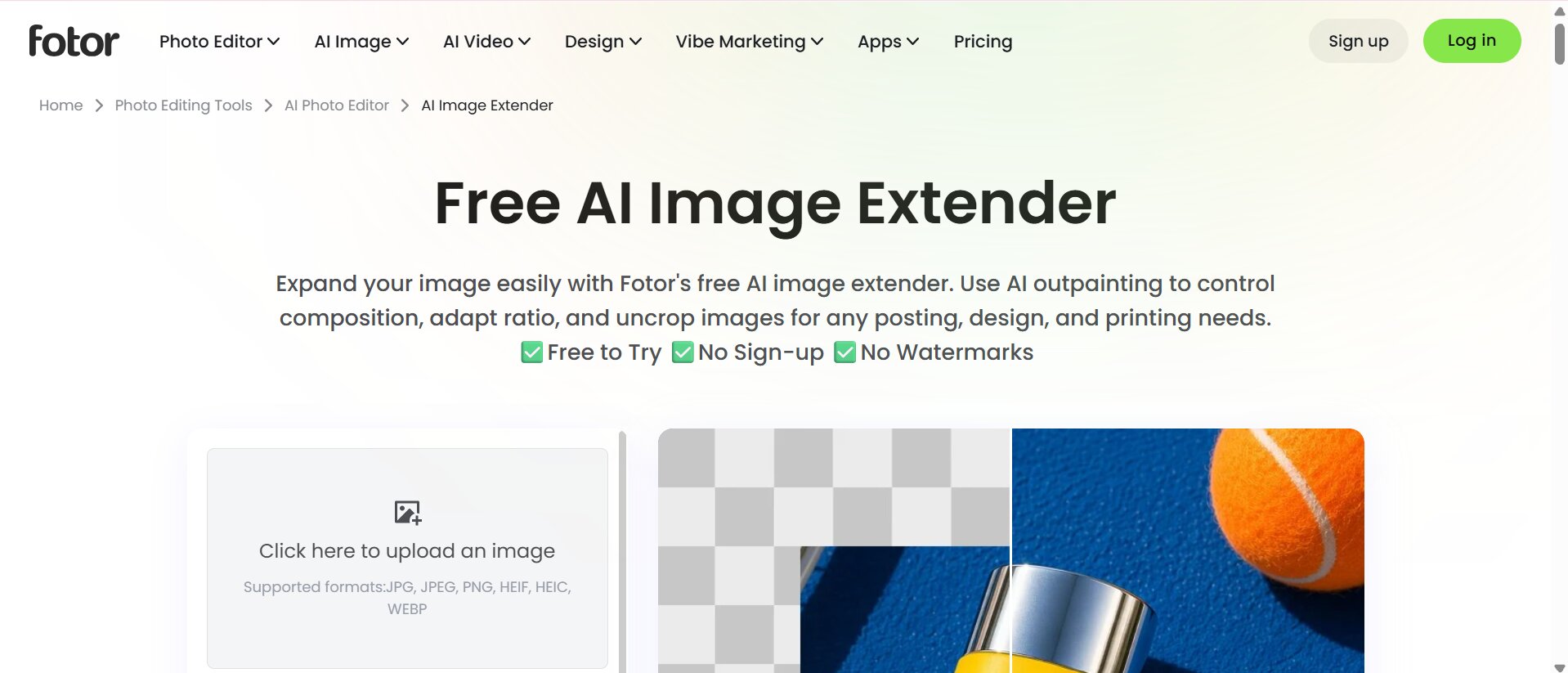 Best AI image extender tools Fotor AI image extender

...

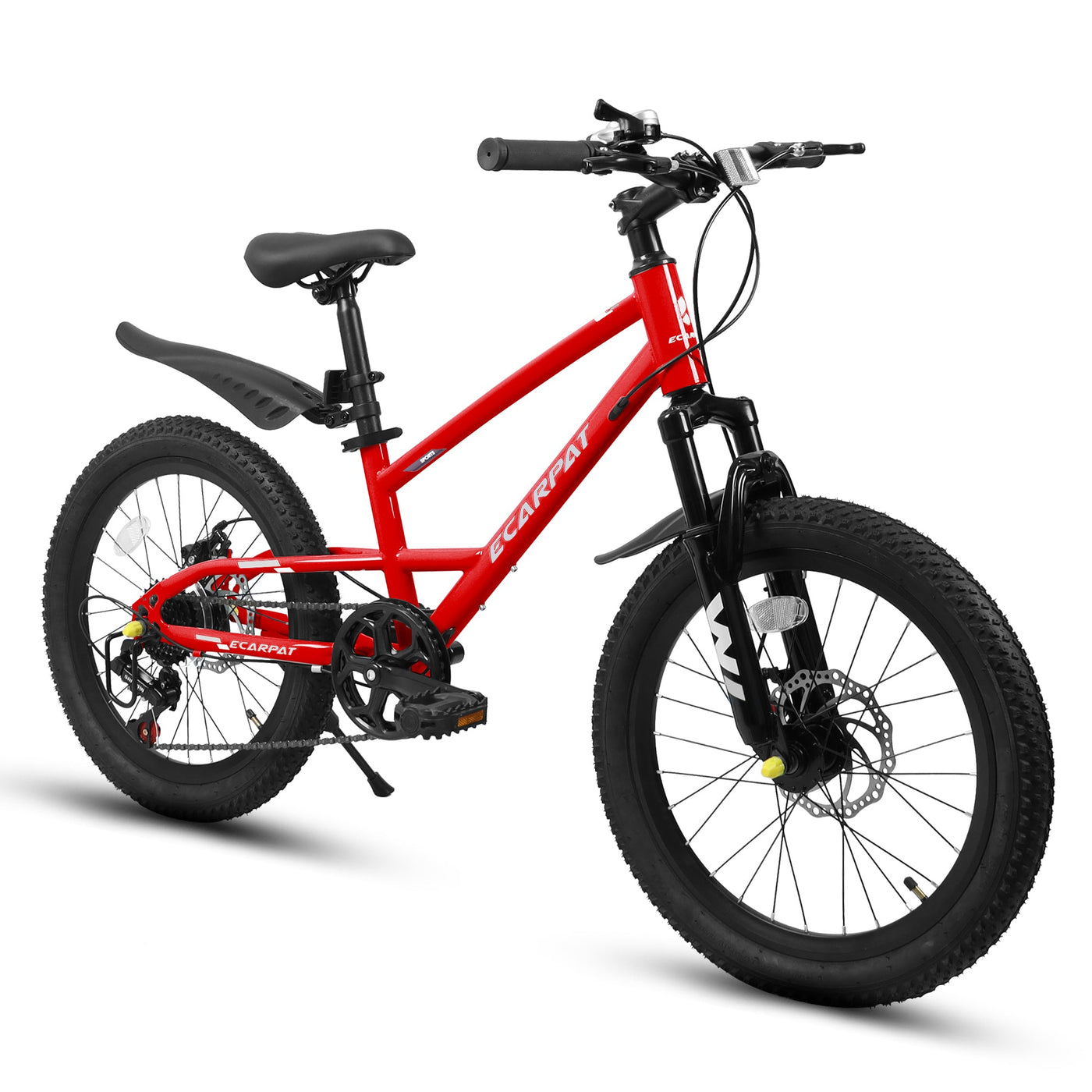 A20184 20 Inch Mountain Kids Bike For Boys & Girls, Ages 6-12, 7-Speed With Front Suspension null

---

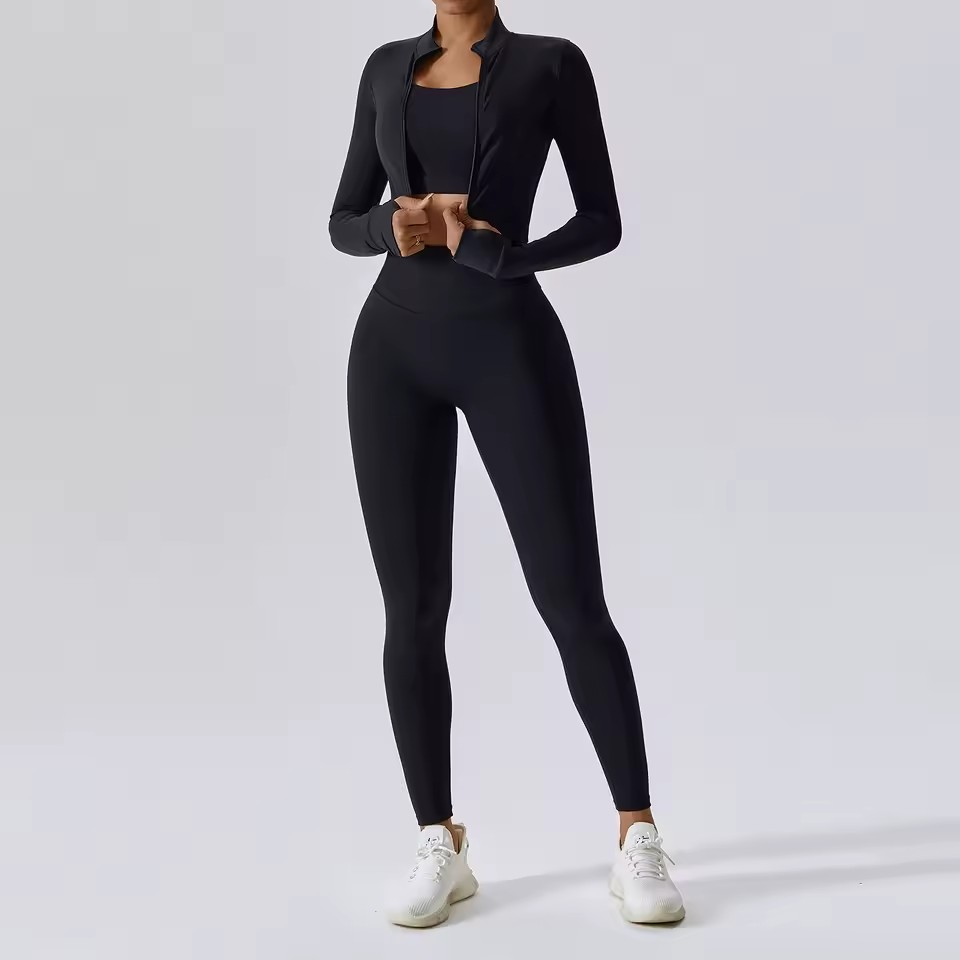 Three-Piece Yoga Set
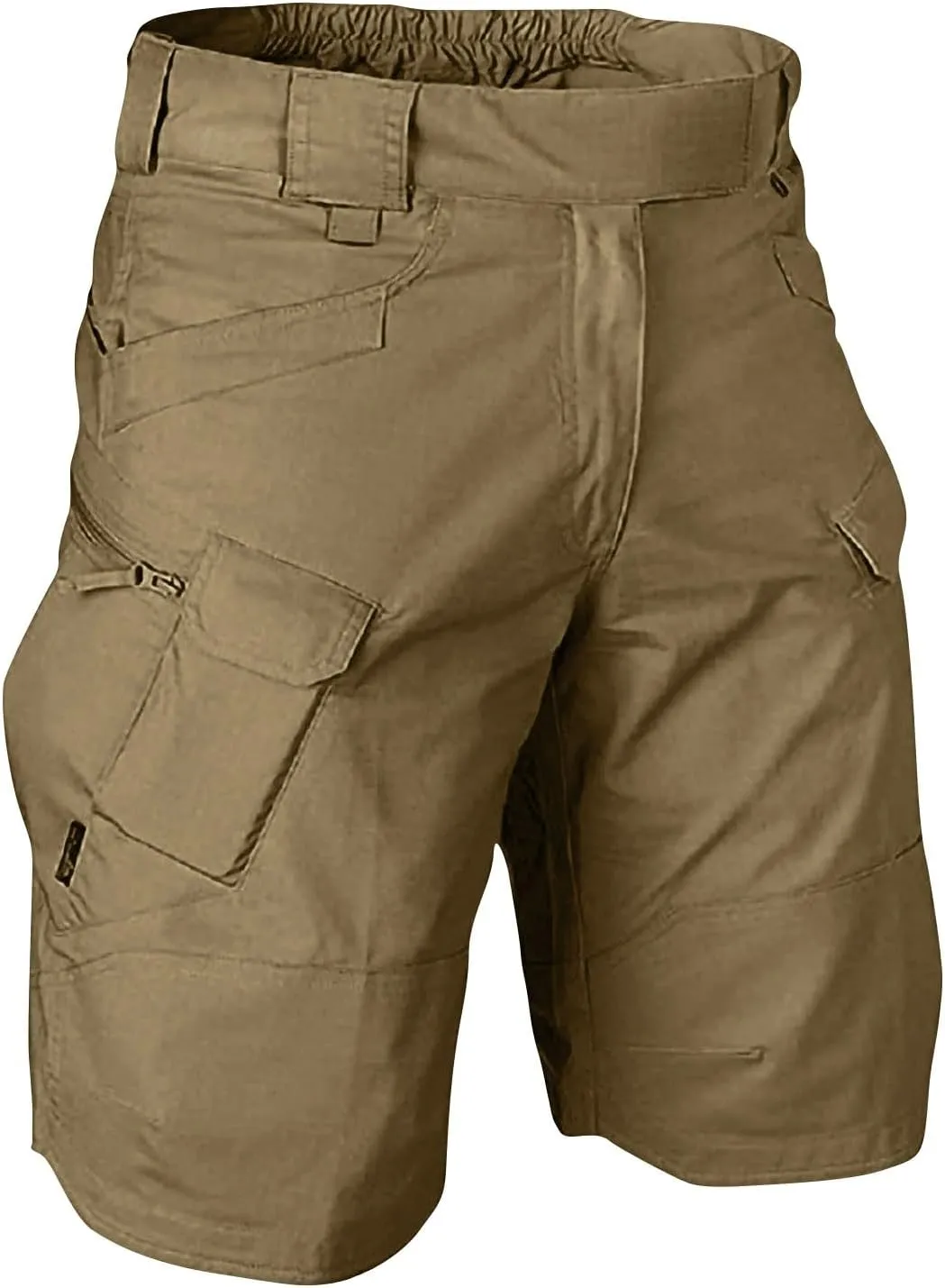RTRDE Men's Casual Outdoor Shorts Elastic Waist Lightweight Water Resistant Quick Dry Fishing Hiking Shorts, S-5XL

▶ THE TASK
No picture is to be printed. Output exactly the lines above from the line containing "Three-Piece Yoga Set" through the line containing "RTRDE Men's Casual".

▶ EXERCISE RESPONSE
 Three-Piece Yoga Set
RTRDE Men's Casual Outdoor Shorts Elastic Waist Lightweight Water Resistant Quick Dry Fishing Hiking Shorts, S-5XL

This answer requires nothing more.